**What this task involves:** Print exactly the lines below between the line containing "Cuma 5 Menit" and the line containing "Elbląg Sprzedam Renault", counting both of those lines. Leave pictures out.

**Material provided:**

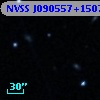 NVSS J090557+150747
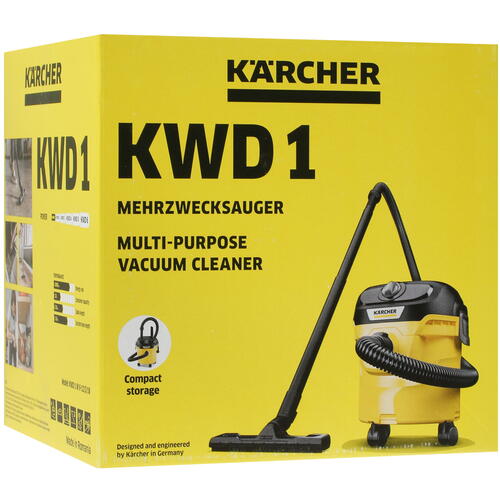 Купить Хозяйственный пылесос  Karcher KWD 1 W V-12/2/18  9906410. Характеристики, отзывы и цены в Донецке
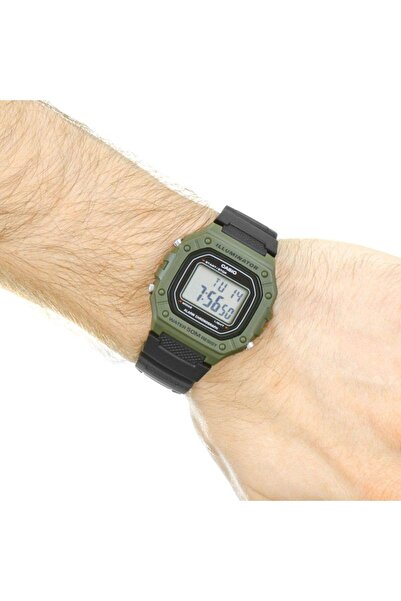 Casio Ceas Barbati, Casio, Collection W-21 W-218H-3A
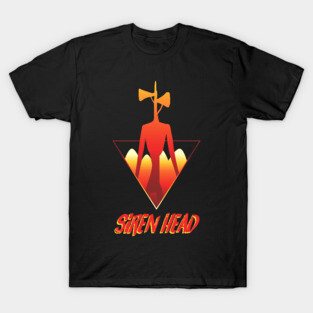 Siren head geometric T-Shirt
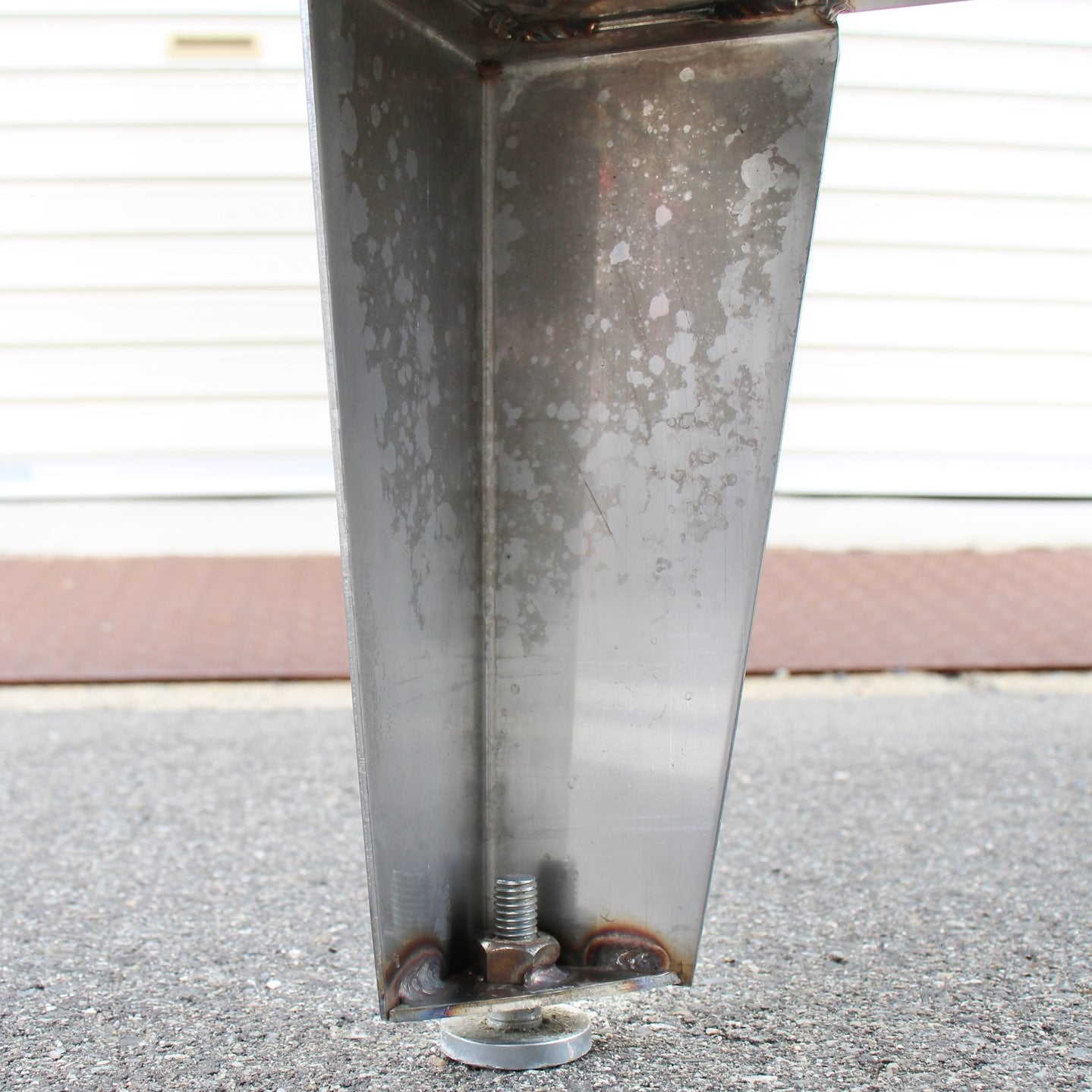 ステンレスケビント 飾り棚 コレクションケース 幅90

==

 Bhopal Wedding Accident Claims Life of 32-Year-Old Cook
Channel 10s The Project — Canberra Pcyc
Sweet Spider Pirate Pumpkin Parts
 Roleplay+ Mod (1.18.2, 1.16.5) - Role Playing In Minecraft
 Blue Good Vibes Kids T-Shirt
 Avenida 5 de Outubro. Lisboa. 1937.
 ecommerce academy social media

==

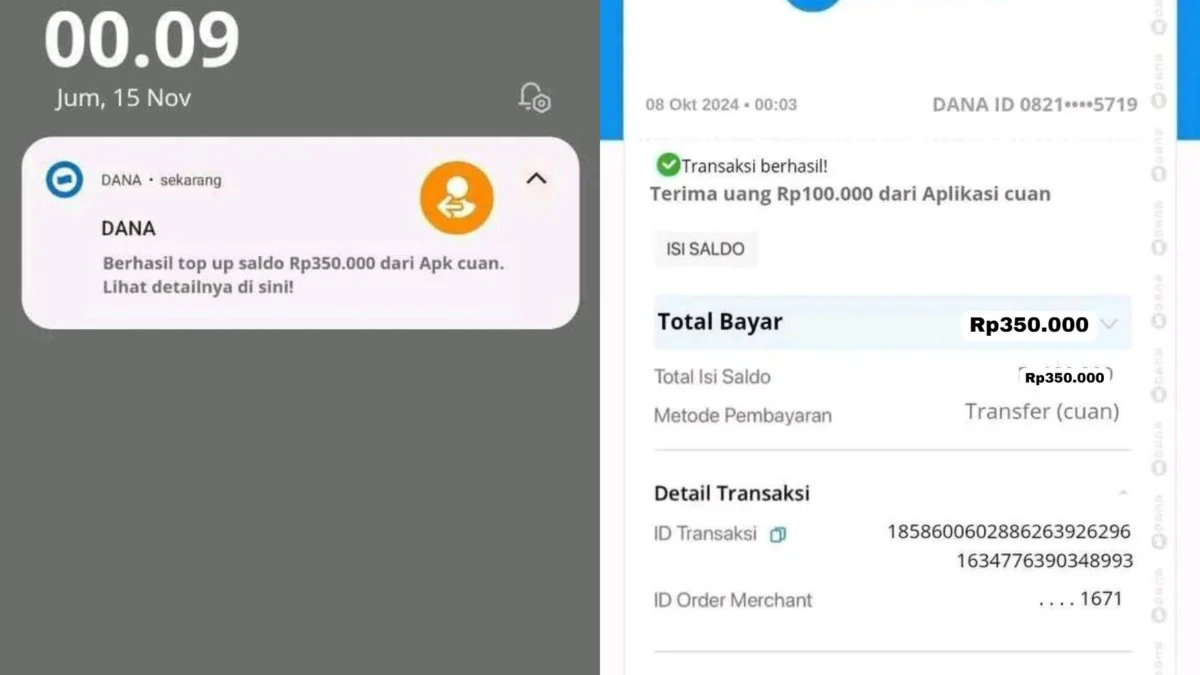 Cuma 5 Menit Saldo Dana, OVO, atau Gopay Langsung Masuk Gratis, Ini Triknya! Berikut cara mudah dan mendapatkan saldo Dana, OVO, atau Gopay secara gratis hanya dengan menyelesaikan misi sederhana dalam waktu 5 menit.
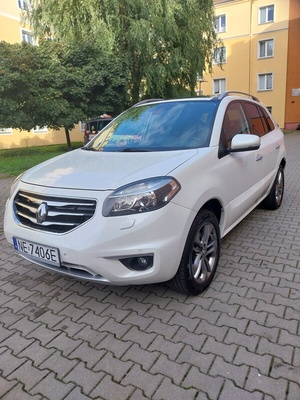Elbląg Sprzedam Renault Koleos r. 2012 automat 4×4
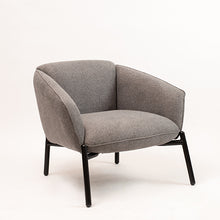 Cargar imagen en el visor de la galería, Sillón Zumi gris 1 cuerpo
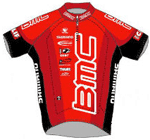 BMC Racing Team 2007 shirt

**Task output:**
 Cuma 5 Menit Saldo Dana, OVO, atau Gopay Langsung Masuk Gratis, Ini Triknya! Berikut cara mudah dan mendapatkan saldo Dana, OVO, atau Gopay secara gratis hanya dengan menyelesaikan misi sederhana dalam waktu 5 menit.
Elbląg Sprzedam Renault Koleos r. 2012 automat 4×4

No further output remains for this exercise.